Published here on October 1, 2013.

In 2010, Chancellor Randy Woodson announced one of his goals for N.C. State was to raise the endowment to $1 billion. Since then, he has stayed on track to meet that goal.

According to Mary Peloquin-Dodd, associate vice chancellor for finance and business, in three years since the chancellor arrived at N.C. State, the endowment has increased from less than $400 million to $764.9 million, as of June 30, 2013. Friday’s massive $50 million grant from the Park Foundation should only increase that number.

“Through its exceptional generosity, the Park Foundation has demonstrated its passion for higher education, ensuring that the life-changing gift of an N.C. State education will be available to promising young men and women now and well into the future,” Chancellor Randy Woodson said in a press release Friday.

Last year, donors added a record-breaking $129.6 million to the endowment.

Laurie Reinhardt-Plotnik, associate vice chancellor for development at N.C. State, said building N.C. State’s endowment is a chief institutional priority.

“As state and federal funding for public higher education decreases, private support must increase,” Reinhardt-Plotnik said. “A large endowment is key, because this provides a regular source of financial support for the university.”

Woodson also highlighted the importance of a large endowment.

“During this challenging economic time when our university has experienced significant budget cuts, this [Park Foundation] gift is especially meaningful,” Woodson said in a press release Friday.

Reinhardt-Plotnick said a university endowment consists of money donated to the University by various groups or people which is then invested. The endowment itself is not spent, but a small percentage is available each year, taken as investment income.

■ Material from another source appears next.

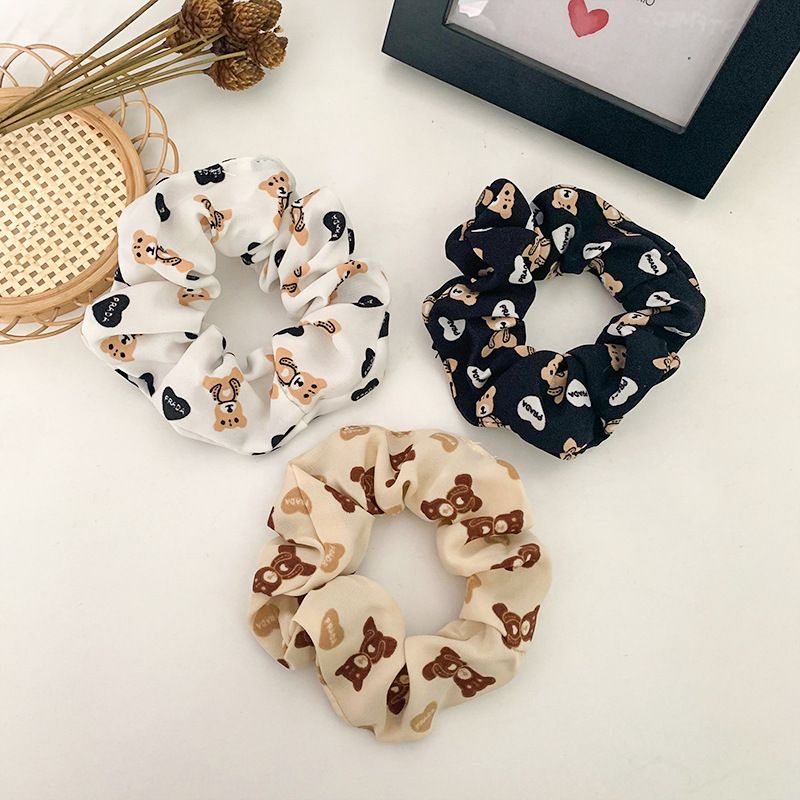 Dây cột tóc vải scrunchies họa tiết gấu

“All great universities have endowments,” said Reinhardt-Plotnik. “Think of a savings account with interest – just the interest is spent, not the savings.”

Peloquin-Dodd said there are two things that grow an endowment: fundraising and investment performance.

“Since the chancellor came, a concerted effort was made on the chancellor’s part to try and improve the endowment,” Peloquin-Dodd said. “Since the fiscal crisis, in some years, the investment performance has not been so good. A large part of the growth has been the chancellor’s efforts to improve fundraising.”

Reinhardt-Plotnik said the income provided by the endowment investments each year is used to support key university priorities.

“Our chancellor, provost, and academic and administrative leaders help to identify these priorities,” Reinhardt-Plotnik said.

Peloquin-Dodd said donors can also choose to direct their gifts to specific purposes. Common designations for endowments are scholarships and fellowships for students, faculty positions, research projects and academic programs such as study abroad. The Park Foundation restricted its $50 million gift on Friday to the Park Scholarship program.

“The vast majority of our endowment is restricted,” Peloquin-Dodd said. “The $764.9 million we gave … are all the aggregated endowments from across the university.”

Peloquin-Dodd said endowment size has very little to do with graduation rates.

“The universities with the biggest endowments generally have the best alumni giving rates and what’s called participation rates – not just class participation – but participation of alumni across the university,” Peloquin-Dodd said. “Universities with the biggest endowments also generally have the highest alumni participation rates.”

Still, Reinhardt-Plotnik said she is optimistic about the future of the endowment, based on donors’ changing behavior since Woodson’s arrival.

“We are having regular discussions with our donors about the importance of gifts to endowment,” Reinhardt-Plotnik said. “And donors are stepping up, giving increasingly to endowment priorities across campus.”